Alité au département d’orthopédie de l’hôpital, Hossam (son prénom a été changé), 22 ans, n’en revient pas d’être en vie. Averti qu’un raid était en cours, il a quitté son travail et s’est retrouvé entre deux feux. « Les soldats israéliens m’ont tiré dessus à cinq reprises avec des balles explosives. Deux fois dans la jambe gauche, une fois dans la jambe droite, deux fois dans le bras droit. » Les médecins craignent qu’il ne puisse pas travailler pendant un an, ce qui inquiète beaucoup son père. Ce dernier, ouvrier en Israël, ne peut lui-même plus travailler depuis la fermeture des points de passage entre les territoires palestiniens et Israël après les attaques terroristes du 7 octobre 2023. « Hossam est l’aîné d’une fratrie de cinq enfants, il était le seul à ramener de l’argent depuis sept mois. Maintenant, je ne sais pas de quoi nous allons vivre », explique l’homme, accablé.

Hossam (le prénom a été changé), 22 ans, sur son lit d’hôpital, à Jénine (Cisjordanie), le 26 mai 2024.
Abed, 17 ans, sur son lit d'hôpital, à Jénine (Cisjordanie), le 26 mai 2024.

Deux chambres plus loin, Abed, 17 ans, lui aussi victime des balles explosives couramment utilisées par l’armée israélienne, a des broches en acier dans la jambe gauche. Le jeune homme assure avoir été pris pour cible dans la rue alors qu’il revenait du centre-ville avec deux amis, le matin du 21 mai. « Un de mes amis a pu s’échapper, l’autre a été tué par trois balles dans la poitrine alors que le soldat était très proche de lui. Lorsque j’ai été touché, j’ai fait le mort pour qu’ils ne m’achèvent pas », témoigne Abed.
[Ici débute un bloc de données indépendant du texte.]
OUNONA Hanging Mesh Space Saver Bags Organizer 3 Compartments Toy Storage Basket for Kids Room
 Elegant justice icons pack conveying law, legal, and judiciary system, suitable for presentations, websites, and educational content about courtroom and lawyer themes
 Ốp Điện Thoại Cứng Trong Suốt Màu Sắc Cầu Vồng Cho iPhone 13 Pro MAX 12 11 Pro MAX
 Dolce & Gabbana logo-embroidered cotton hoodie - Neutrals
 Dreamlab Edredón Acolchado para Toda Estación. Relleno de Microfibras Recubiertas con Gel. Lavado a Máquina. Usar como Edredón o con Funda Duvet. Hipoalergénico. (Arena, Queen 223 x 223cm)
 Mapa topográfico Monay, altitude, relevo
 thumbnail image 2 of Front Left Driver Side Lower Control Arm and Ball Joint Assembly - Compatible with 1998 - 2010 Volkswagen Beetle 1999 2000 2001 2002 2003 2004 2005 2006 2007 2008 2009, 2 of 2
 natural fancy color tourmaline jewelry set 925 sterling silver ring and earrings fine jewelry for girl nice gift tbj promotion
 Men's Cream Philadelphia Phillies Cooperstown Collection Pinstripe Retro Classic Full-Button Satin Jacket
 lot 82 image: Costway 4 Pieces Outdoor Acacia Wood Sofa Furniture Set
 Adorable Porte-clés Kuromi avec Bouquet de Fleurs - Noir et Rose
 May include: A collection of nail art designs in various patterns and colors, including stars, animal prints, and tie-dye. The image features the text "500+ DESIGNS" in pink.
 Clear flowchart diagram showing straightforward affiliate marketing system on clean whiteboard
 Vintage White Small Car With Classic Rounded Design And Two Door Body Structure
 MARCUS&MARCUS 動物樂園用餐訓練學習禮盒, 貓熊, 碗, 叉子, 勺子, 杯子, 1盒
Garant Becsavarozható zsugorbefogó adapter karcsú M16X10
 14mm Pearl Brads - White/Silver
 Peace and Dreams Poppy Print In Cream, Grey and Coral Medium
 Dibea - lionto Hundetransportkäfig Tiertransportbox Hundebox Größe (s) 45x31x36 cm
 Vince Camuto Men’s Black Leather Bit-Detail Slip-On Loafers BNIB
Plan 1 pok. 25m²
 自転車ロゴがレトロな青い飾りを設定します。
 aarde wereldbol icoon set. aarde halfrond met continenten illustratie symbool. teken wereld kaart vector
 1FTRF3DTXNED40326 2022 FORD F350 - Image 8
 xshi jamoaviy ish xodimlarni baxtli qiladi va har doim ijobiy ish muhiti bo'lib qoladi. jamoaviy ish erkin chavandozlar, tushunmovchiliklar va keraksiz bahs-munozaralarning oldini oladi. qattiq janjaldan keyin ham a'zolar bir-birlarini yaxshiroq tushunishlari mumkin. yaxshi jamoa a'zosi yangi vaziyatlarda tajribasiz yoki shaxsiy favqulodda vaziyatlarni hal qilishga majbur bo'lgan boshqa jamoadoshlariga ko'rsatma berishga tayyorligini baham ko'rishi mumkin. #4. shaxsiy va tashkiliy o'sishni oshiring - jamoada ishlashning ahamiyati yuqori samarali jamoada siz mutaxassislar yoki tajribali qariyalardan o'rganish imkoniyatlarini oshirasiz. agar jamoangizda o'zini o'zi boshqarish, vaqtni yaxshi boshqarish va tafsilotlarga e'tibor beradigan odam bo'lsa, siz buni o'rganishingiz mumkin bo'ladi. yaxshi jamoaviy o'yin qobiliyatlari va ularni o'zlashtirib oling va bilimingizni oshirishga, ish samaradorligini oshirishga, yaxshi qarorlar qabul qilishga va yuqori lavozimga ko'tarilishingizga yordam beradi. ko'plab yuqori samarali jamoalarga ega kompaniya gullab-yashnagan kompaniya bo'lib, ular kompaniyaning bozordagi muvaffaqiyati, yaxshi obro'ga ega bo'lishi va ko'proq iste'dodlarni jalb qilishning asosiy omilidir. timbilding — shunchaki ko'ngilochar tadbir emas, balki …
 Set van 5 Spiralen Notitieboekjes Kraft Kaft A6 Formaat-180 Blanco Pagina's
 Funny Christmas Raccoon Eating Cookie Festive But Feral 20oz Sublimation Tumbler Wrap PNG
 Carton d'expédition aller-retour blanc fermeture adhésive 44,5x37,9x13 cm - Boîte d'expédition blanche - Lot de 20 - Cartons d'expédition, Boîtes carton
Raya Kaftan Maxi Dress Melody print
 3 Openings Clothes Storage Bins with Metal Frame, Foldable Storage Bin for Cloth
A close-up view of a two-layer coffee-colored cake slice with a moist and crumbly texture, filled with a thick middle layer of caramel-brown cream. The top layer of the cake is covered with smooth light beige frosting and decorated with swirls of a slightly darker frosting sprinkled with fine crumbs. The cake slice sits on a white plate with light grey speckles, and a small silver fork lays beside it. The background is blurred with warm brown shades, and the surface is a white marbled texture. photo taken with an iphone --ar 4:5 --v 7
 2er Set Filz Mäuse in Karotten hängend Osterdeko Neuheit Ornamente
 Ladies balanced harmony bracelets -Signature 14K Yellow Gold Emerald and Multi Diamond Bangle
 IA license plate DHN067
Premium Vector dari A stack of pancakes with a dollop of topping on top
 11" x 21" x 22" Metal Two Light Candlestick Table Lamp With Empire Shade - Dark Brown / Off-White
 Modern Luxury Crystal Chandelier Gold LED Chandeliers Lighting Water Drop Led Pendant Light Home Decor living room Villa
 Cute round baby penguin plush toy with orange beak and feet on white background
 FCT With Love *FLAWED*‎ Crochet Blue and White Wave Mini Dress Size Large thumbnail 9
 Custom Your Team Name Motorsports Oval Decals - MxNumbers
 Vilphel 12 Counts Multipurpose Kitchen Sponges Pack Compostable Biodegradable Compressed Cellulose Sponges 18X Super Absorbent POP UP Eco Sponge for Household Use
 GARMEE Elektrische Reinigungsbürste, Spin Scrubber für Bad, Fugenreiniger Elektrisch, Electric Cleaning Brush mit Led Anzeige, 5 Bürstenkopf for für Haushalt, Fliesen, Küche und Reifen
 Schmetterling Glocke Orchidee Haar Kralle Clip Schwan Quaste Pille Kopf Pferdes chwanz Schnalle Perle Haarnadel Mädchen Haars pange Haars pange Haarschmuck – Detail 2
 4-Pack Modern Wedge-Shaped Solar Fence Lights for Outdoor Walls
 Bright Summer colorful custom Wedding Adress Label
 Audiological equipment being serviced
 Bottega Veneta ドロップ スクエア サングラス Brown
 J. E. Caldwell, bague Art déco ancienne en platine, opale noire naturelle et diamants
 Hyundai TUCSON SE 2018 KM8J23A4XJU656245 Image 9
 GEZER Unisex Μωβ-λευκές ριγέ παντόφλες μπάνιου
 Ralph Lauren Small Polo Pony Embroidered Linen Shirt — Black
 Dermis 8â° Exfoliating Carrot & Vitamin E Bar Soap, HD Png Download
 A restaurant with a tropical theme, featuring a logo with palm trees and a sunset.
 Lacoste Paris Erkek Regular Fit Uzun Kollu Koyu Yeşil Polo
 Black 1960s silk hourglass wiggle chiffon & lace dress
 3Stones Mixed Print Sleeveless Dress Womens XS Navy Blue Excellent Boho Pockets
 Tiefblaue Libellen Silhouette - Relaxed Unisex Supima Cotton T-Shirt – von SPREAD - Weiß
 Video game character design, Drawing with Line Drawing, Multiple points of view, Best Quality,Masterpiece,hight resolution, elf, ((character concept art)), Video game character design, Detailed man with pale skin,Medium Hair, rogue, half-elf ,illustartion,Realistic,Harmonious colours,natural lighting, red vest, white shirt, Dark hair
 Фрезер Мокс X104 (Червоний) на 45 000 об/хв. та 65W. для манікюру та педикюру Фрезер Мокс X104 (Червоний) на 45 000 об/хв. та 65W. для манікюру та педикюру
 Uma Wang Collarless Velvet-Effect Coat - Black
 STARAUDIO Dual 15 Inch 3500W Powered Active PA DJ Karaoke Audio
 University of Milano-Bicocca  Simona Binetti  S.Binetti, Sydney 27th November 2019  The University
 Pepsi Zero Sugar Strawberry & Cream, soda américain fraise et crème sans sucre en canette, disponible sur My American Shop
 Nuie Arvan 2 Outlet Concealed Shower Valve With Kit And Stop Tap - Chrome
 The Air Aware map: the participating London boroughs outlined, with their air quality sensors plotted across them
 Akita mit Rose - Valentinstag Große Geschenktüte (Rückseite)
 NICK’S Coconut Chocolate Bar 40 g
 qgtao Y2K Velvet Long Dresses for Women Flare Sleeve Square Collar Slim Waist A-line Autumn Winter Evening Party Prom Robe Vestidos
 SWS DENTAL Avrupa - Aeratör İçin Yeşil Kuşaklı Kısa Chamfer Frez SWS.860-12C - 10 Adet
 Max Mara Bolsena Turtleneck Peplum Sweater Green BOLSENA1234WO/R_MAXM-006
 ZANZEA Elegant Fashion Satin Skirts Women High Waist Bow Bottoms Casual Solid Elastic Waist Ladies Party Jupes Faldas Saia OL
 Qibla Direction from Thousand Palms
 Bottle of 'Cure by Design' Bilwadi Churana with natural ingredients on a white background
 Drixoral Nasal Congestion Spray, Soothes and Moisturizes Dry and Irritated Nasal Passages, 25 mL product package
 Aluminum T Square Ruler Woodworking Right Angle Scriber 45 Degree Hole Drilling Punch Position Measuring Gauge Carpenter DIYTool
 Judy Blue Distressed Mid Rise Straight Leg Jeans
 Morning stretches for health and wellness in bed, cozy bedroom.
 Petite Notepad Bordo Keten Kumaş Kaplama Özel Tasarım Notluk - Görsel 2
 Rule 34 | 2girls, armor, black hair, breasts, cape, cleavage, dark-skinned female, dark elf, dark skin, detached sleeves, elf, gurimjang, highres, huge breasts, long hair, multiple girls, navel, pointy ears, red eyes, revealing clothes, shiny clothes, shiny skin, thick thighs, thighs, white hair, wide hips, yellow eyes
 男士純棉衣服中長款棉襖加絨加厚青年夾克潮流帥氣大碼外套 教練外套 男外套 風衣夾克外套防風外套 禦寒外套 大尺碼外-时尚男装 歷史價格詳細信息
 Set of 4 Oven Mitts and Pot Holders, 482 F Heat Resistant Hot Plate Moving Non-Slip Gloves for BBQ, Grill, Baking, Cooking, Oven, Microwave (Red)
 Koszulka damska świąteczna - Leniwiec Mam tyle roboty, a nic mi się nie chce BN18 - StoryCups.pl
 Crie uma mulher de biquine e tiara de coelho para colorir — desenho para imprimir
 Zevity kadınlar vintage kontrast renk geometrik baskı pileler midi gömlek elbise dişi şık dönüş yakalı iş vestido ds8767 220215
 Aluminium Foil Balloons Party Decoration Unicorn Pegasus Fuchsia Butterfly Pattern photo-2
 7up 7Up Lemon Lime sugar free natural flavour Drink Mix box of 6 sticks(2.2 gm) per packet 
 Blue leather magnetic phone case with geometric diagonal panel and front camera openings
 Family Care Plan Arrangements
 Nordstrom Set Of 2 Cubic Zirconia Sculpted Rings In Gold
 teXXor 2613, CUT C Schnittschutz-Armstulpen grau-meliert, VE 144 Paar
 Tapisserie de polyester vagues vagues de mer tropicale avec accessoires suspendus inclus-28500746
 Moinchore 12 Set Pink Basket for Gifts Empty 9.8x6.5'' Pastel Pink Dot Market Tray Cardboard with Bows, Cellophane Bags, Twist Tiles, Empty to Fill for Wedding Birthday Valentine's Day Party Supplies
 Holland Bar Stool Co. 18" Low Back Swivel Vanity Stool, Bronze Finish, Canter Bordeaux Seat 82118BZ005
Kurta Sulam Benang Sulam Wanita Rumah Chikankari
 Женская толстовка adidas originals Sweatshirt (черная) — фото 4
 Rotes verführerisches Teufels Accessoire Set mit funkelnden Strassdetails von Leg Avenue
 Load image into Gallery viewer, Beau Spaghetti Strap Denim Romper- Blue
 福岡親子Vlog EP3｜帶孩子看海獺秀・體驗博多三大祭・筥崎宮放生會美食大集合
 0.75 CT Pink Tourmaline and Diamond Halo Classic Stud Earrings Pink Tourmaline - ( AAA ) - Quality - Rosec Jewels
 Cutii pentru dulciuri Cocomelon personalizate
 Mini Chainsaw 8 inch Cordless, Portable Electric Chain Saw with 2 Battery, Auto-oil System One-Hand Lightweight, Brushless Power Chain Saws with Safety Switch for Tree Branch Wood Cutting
À côté de lui, son père se désespère : « Il y a un an, son frère aîné a aussi été blessé lors d’un raid. Pour moi, père d’une famille de quatre enfants, c’est invivable. J’aimerais quitter la Palestine, vivre à l’étranger. Après tout cela, Abed est rempli de haine, et bientôt je ne pourrai plus le contrôler. » Une allusion à l’envie de son fils de rejoindre les groupes armés de Jénine.